Key takeaways from expanding the teaching toolbox:
- There is no alternative to extensive and intentional lesson planning and course design.
- Technology needs to be organically embedded in teaching and learning, not merely be an add-on support to the face-to-face classroom experience.
- Maintaining connections with students is key. Use appropriate technology to enhance instructor presence and increase student-student and instructor-student interaction.
- The most important resources are the people and groups who understand pedagogy first, and then technology.
- All face-to-face teaching and learning experiences cannot be transferred into the remote mode. It is alright, as long as learning outcomes are met.
- Be kind and listen to student feedback.
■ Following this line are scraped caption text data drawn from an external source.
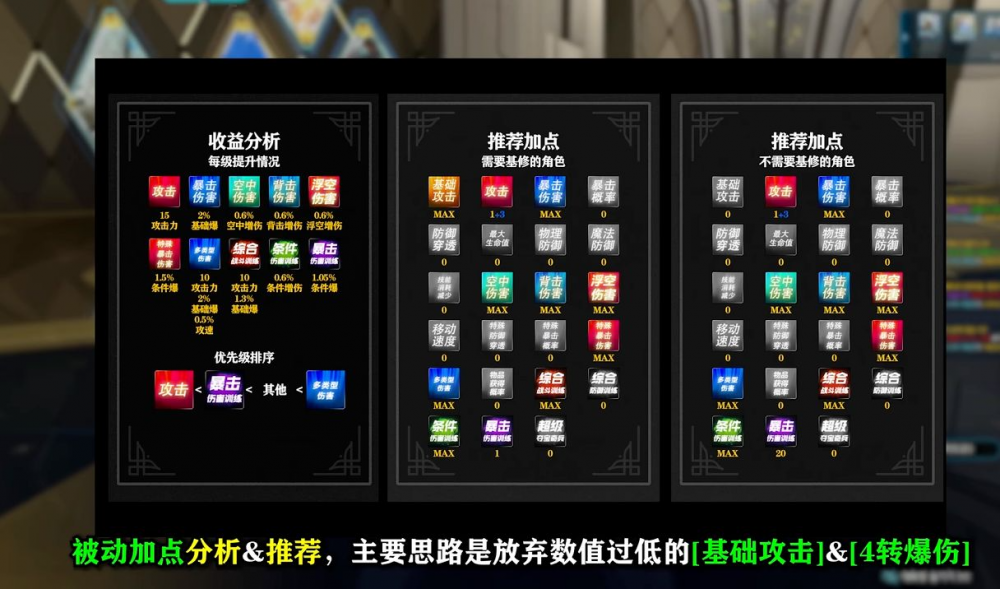 2026技能加点.png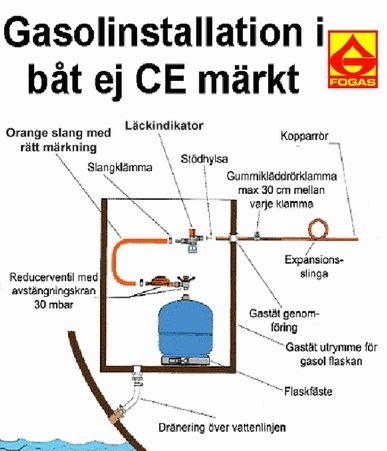 Bild: forvaring-gasol-bat.jpg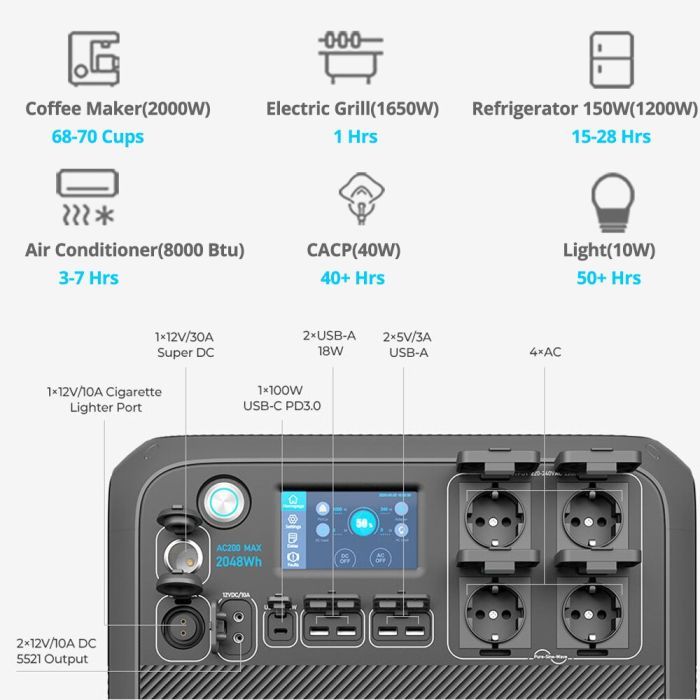 Зарядна станція BLUETTI 2200W AC200MAX Solar (AC200MAX) зображення 8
- Have flexible deadlines and assessment methods.
- Necessity is the mother of invention – teaching is about tenacity more than tools.
Closing thoughts
Emergencies may come and go. Some emergencies, like COVID-19, may take away our collegial support, and the informal “hallway meetings” or collaborations that we had previously taken for granted. But we can certainly come out better and stronger as a result of this hardship. We can transform our teaching and our students’ learning, through our purposeful preparedness, patience, kindness, and our willingness to be flexible. Together we will seize the opportunities to improve our pedagogy. Let our students’ needs guide us.
Devshikha Bose, PhD, is an instructional design consultant at the Center for Teaching and Learning, Boise State University.
Serena Hicks, PhD, is a clinical assistant professor at Boise State University. She teaches in the College of Education and serves as Faculty Associate in the Center for Teaching and Learning.